*PROVIDED DATA*.
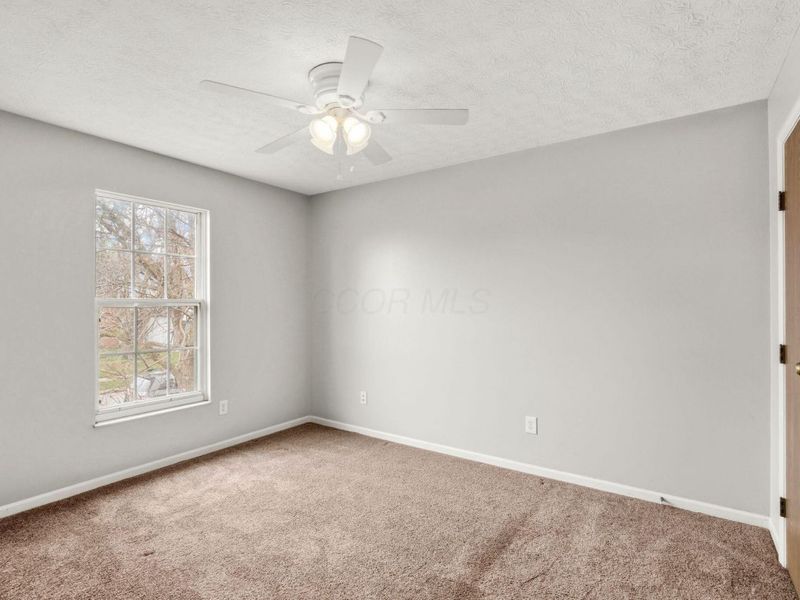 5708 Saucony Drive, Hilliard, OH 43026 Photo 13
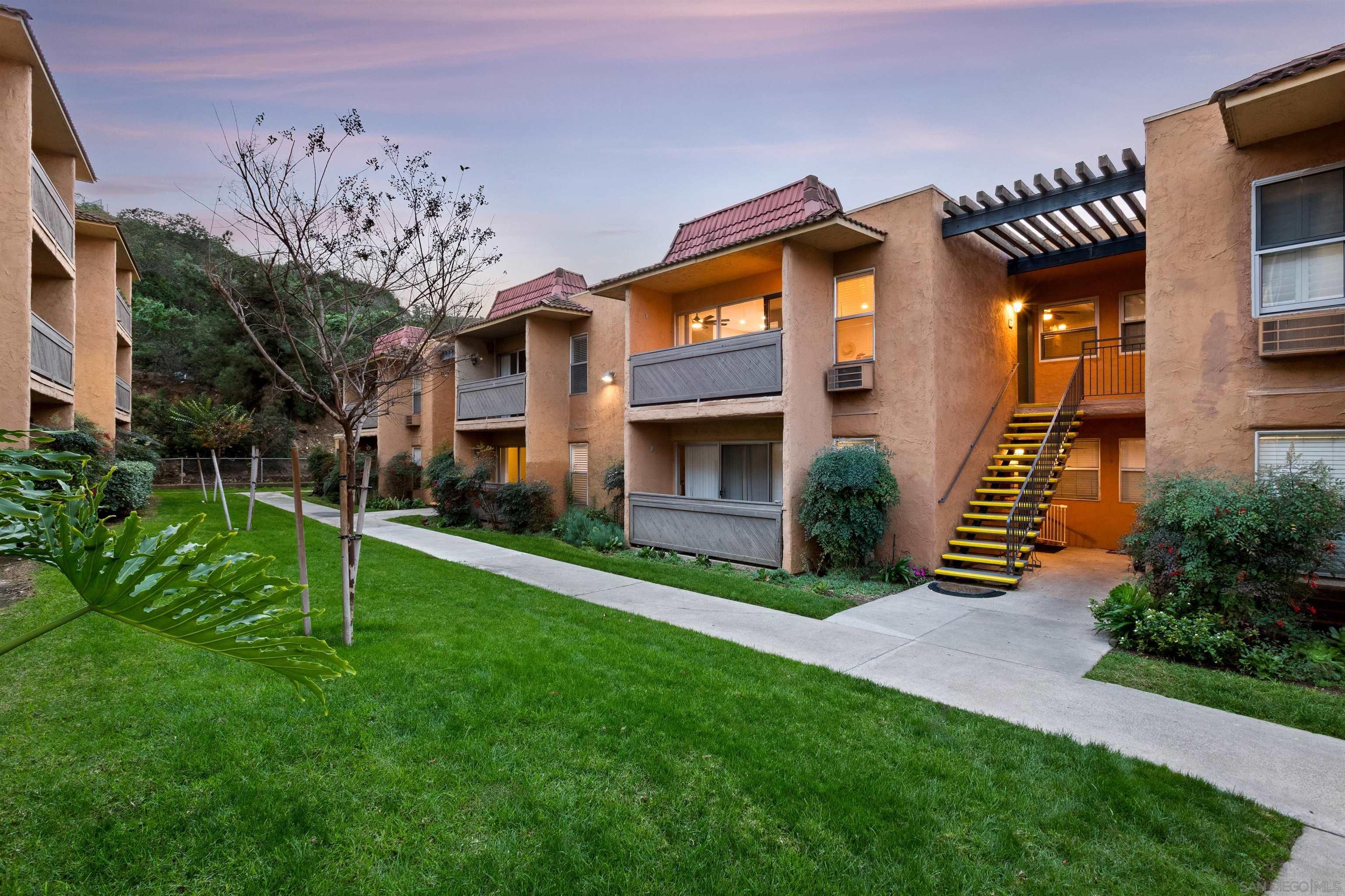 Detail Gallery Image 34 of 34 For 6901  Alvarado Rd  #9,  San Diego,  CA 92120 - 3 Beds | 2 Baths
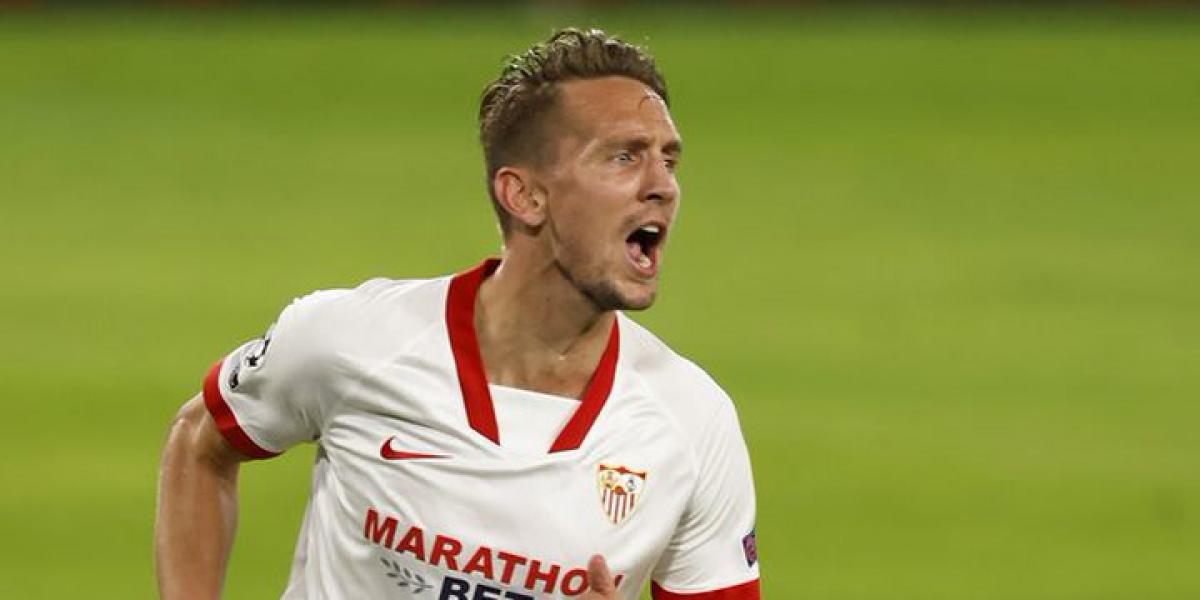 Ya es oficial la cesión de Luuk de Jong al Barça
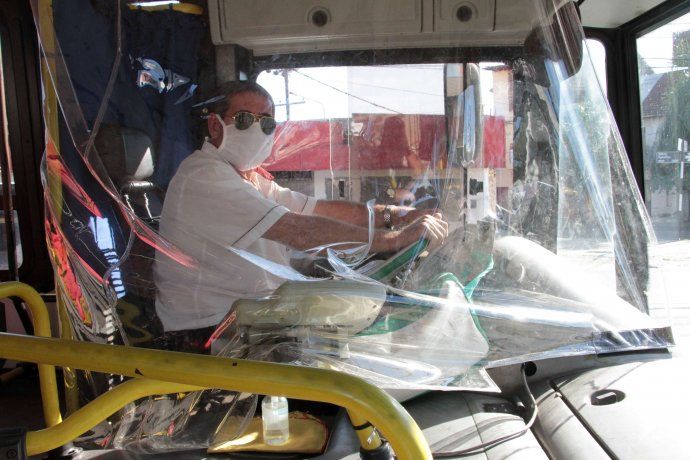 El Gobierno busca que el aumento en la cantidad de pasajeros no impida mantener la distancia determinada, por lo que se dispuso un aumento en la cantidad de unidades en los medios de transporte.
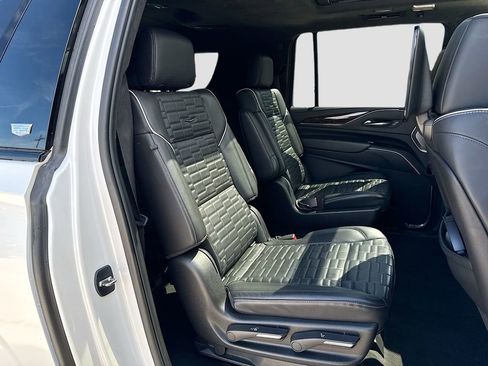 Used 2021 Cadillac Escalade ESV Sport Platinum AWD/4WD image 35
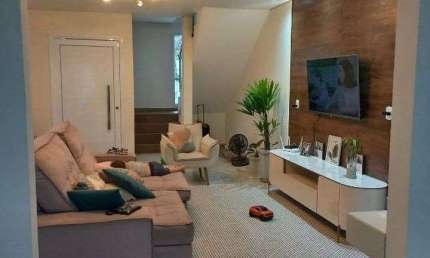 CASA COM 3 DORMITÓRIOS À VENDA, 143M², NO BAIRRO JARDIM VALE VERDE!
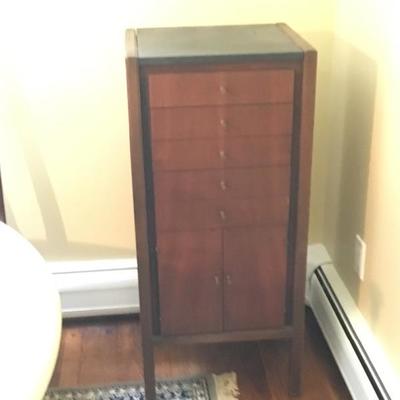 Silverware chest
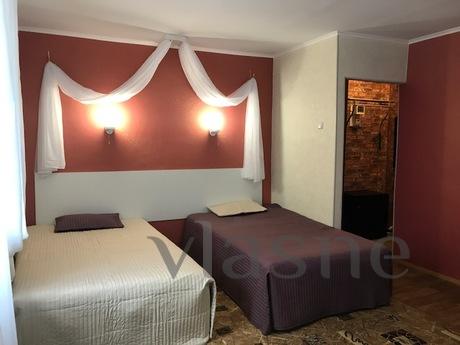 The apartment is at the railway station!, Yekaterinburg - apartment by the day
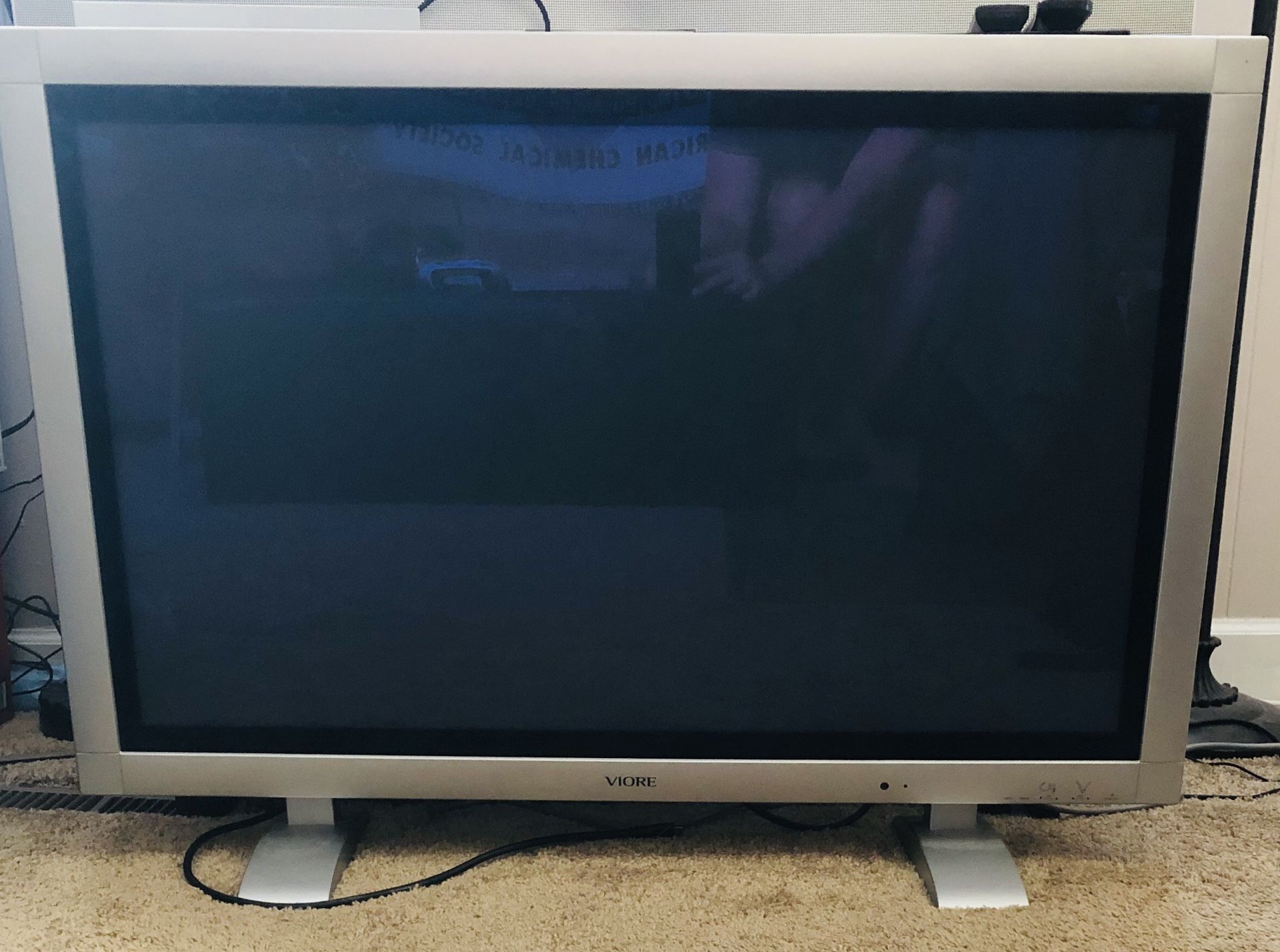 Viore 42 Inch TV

*WHAT YOU NEED TO DO*. Copy every line exactly, from the opening line of the entries down to the line holding "Ya es oficial", and keep the pictures out.

*TASK ANSWER*.
 5708 Saucony Drive, Hilliard, OH 43026 Photo 13
 Detail Gallery Image 34 of 34 For 6901  Alvarado Rd  #9,  San Diego,  CA 92120 - 3 Beds | 2 Baths
 Ya es oficial la cesión de Luuk de Jong al Barça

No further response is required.